Dit soort stappen zijn in veel gemeenten gezet. Stappen die leidden tot meer inzicht in de grondexploitaties, meer bestuurlijke sturing en meer risicobeheersing.

Oorzaken van falend risicomanagement bij grondexploitaties
De hiervoor beschreven ontwikkeling binnen veel gemeentelijke grondbedrijven heeft ertoe geleid dat risicomanagement bij gemeentelijke grondexploitaties de laatste jaren verbeterd is. Maar hoe kan het dan dat de grondexploitaties zoveel kopzorgen geven bij vele gemeenten? We noemen drie, met elkaar samenhangende factoren die dat veroorzaken. De eerste is dat risicomanagement geen objectieve wetenschap is. De tweede heeft te maken met de aard van gemeentelijke organisaties, en wel dat daarbinnen een veelheid van belangen aanwezig is die het gebruik van risicomanagement beïnvloeden. En de derde factor heeft te maken met de aard van stuurinformatie, en wel dat stuurinformatie het in zich heeft één belang te laten domineren boven andere belangen, met, als dat gebeurt, het gevolg dat de hele organisatie zich gaat richten naar dat ene belang. Risicomanagement onttrekt zich daar niet aan.

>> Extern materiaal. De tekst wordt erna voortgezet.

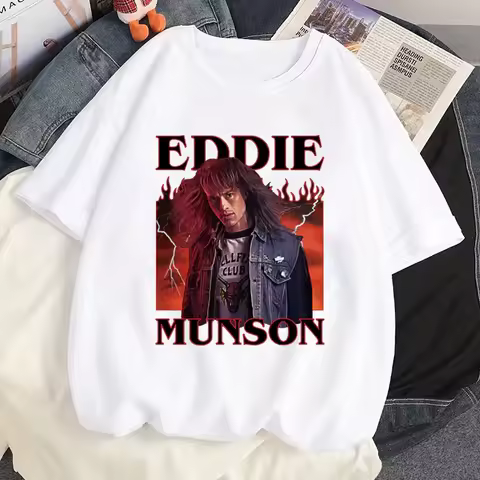 Eddie Munson T-shirts Men's Harajuku Graphic Printed Tshirt Summer Women Casual T Shirts Short Sleeve Streetwear Tees Tops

Risicomanagement geen objectieve wetenschap
De financieel-economische crisis van 2008-2009, met zijn nog steeds voortdurende nasleep en met een crisis op de woning- en kantorenmarkt, is voor vrijwel iedereen als een complete verrassing gekomen. Achteraf gezien is de constatering dat er blijkbaar een collectieve blindheid bestond voor de risico’s van onze financiële markten. Er had zich een optimisme van ons allen meester gemaakt. Een optimisme dat o.a. zorgde voor te veel en te rooskleurige bouwplannen. Tegen dat collectief optimisme was, zo kunnen we nu constateren, ook het risicomanagement rondom de grondexploitaties niet opgewassen.
Risicomanagement is geen harde, objectieve wetenschap. Dat is wat deze geschiedenis laat zien. Een (collectief) optimistische kijk op ontwikkelingen leidt tot het onvoldoende inschatten van risico’s. Risicomanagement onttrekt zich hier niet aan, hoe graag we dat ook zouden willen zien.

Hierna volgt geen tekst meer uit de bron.